Опыт своих столкновений с Персидским царством древние греки обобщили таким образом: «Один на один перс может победить грека; двадцать персов против десяти греков устоят с трудом; тысяча же всегда побежит от сотни». И история греко-персидских войн всегда подтверждала справедливость этого правила. Если нам понадобятся другие примеры неподчинения законов войны законам арифметики, то на полях сражений той же Юго-Западной Азии их можно набрать в достаточном количестве.
Середина VII века до P. X. Вавилон – небольшая провинция огромной Ассирии. 50 лет спустя он уже владеет всем Двуречьем, Сирией, Палестиной, частью Аравии и границы его омывают воды трех морей.
Примерно в это же время в соседней мидийской державе на северном берегу Персидского залива кочуют мало кому известные племена. Но вот проходит сто лет – и под ударами персов падают Мидия, Киликия, Лидийское царство, а затем и сам могущественный Вавилон.
Вряд ли Кир и Дарий Первый слышали когда-нибудь о маленькой Македонии. И вряд ли они поверили бы, что двести лет спустя созданное ими многомиллионное государство окажется беспомощным перед 30-тысячным греко-македонским войском.
Это непостижимое соотношение – несколько десятков тысяч против многих миллионов – повторится здесь еще не раз.

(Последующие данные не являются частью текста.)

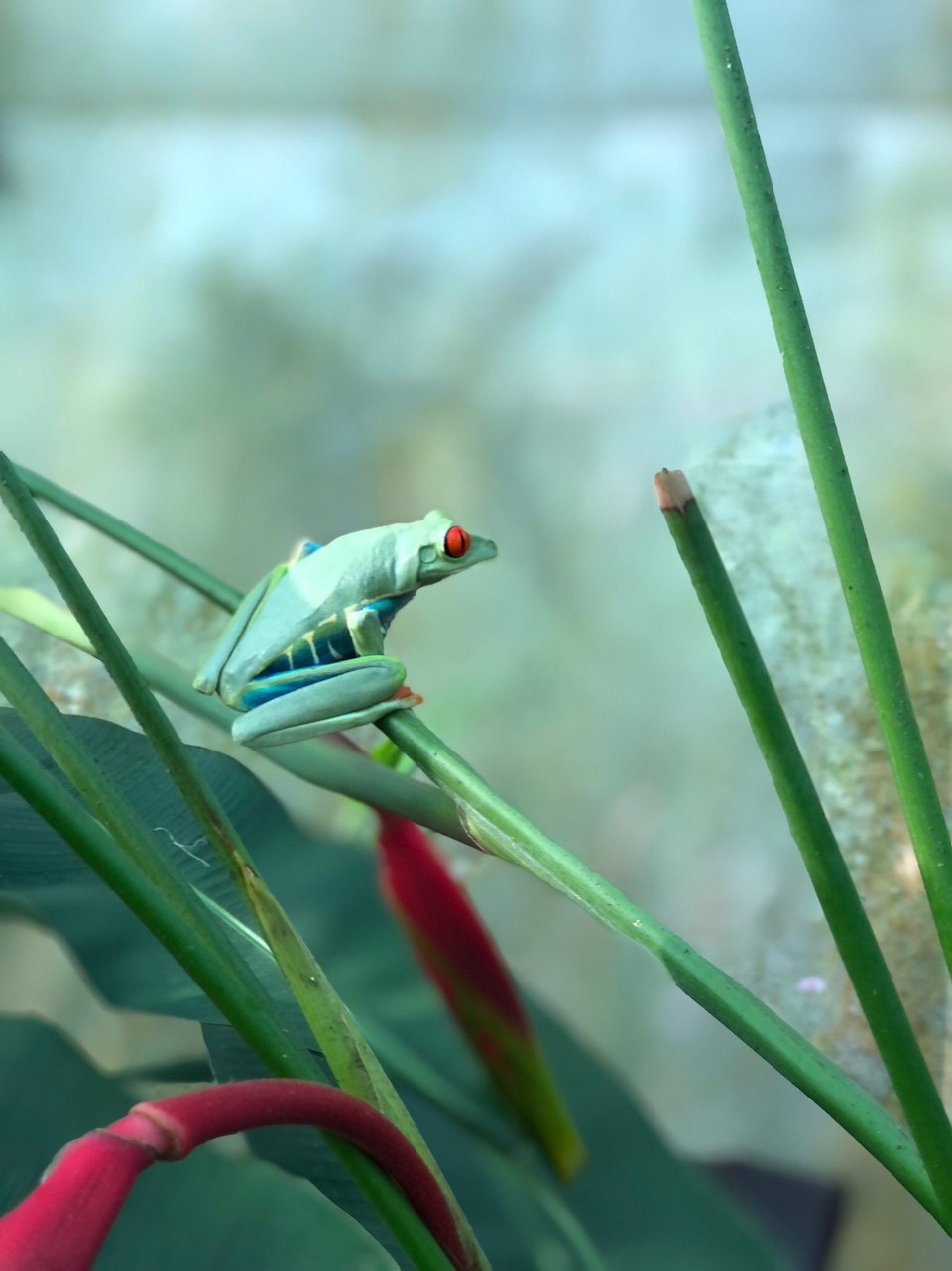 Costa Rica - Upala - Beim zurückfahren zum Hotel machten wir einen Stopp in einem Restaurant. Wir erfahren das es eine Frosch und Schmetterling Tour gibt. Zuerst wollte ich nicht, doch als wir da waren war es sehr schön. 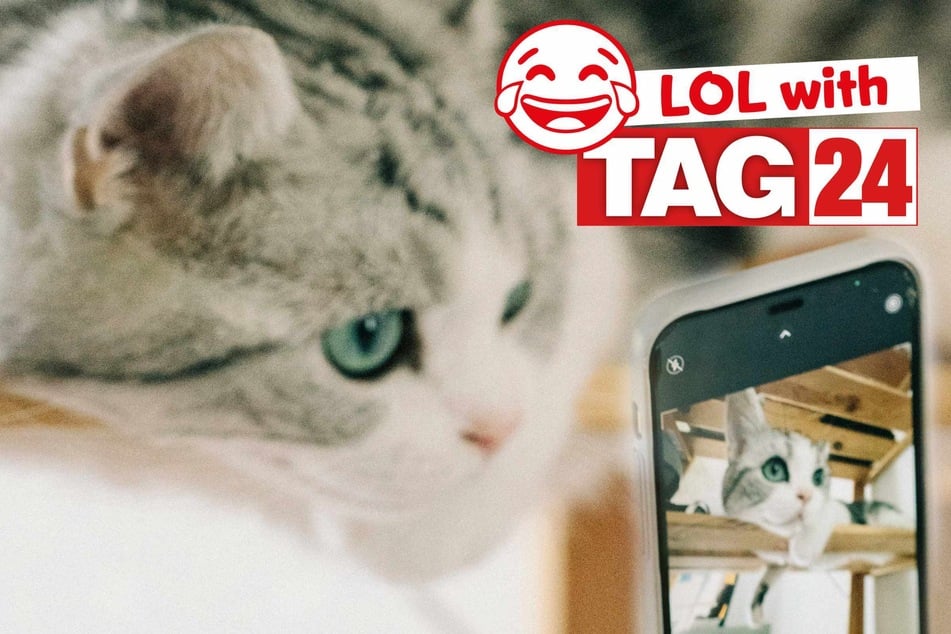 Joke of the Night for November 29, 2025: A cat funny for Caturday night.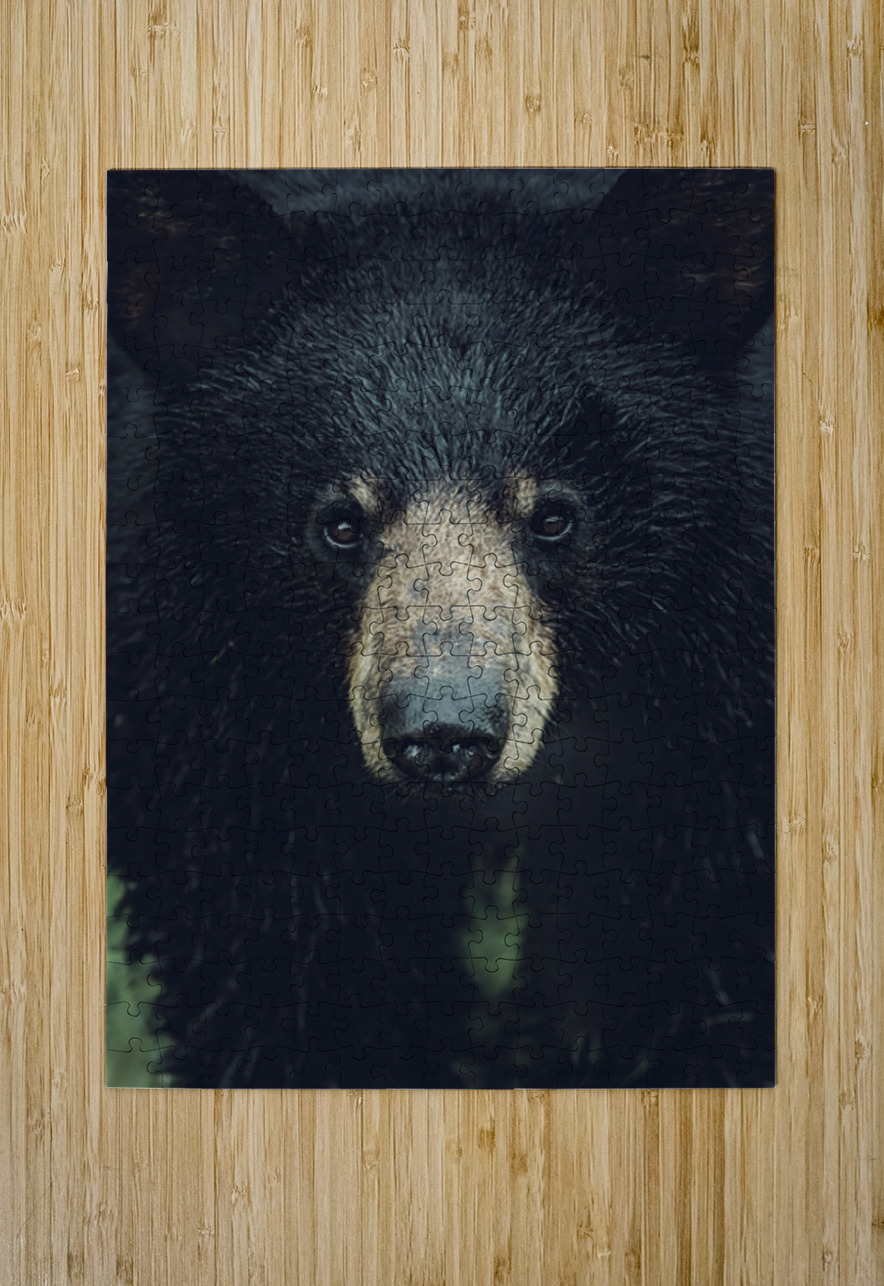 Wild Bear Futuristic Ilana Vargulich Puzzle printing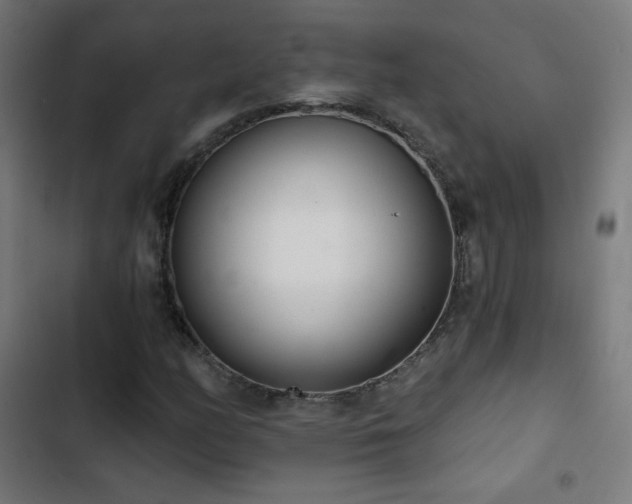 X0000103441158200809121356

Немногочисленные арабские племена завладевают Ираном, Двуречьем, Палестиной и Египтом в какие-нибудь тридцать лет.
Безвестные закаспийские кочевники – огузы – отнимают у арабов в 1055 году Иран, захватывают резиденцию халифов – Багдад, отбивают у Византии почти всю Малую Азию и основывают государство Великих Сельджуков.
Но еще 200 лет спустя 40-тысячного корпуса монголов оказывается достаточно для сокрушения могущества сельджуков.
Примерами подобных военно-арифметических парадоксов полна не только история Юго-Западной Азии, но и история любой другой части света. Египет, завоевываемый то гиксосами, то ливийцами, то эфиопами, многомиллионный Китай, вынужденный терпеть гуннских, сяньбийских, монгольских, маньчжурских правителей, норманны, захватившие половину европейских престолов, – во всех этих ситуациях победители не только не имели превосходства в численности и вооружении, но, как правило, были отсталыми в техническом отношении. Можно сказать: зато они были дики, свирепы, кровожадны и внушали неодолимый ужас своим изнеженным цивилизацией противникам. Но чем тогда объяснить военное превосходство культурных венецианцев над полудикими турками? непобедимость швейцарской пехоты? поход 10 тысяч греков через всю Персию, описанный Ксенофонтом? битву при Пуатье (1356), где 8 тысяч полуголодных, загнанных в ловушку англичан разбивают 60 тысяч французов и берут в плен их короля? битву при Плесси (1757), где более чем 50-тысячная бенгальская армия была рассеяна тремя тысячами англичан и сипаев?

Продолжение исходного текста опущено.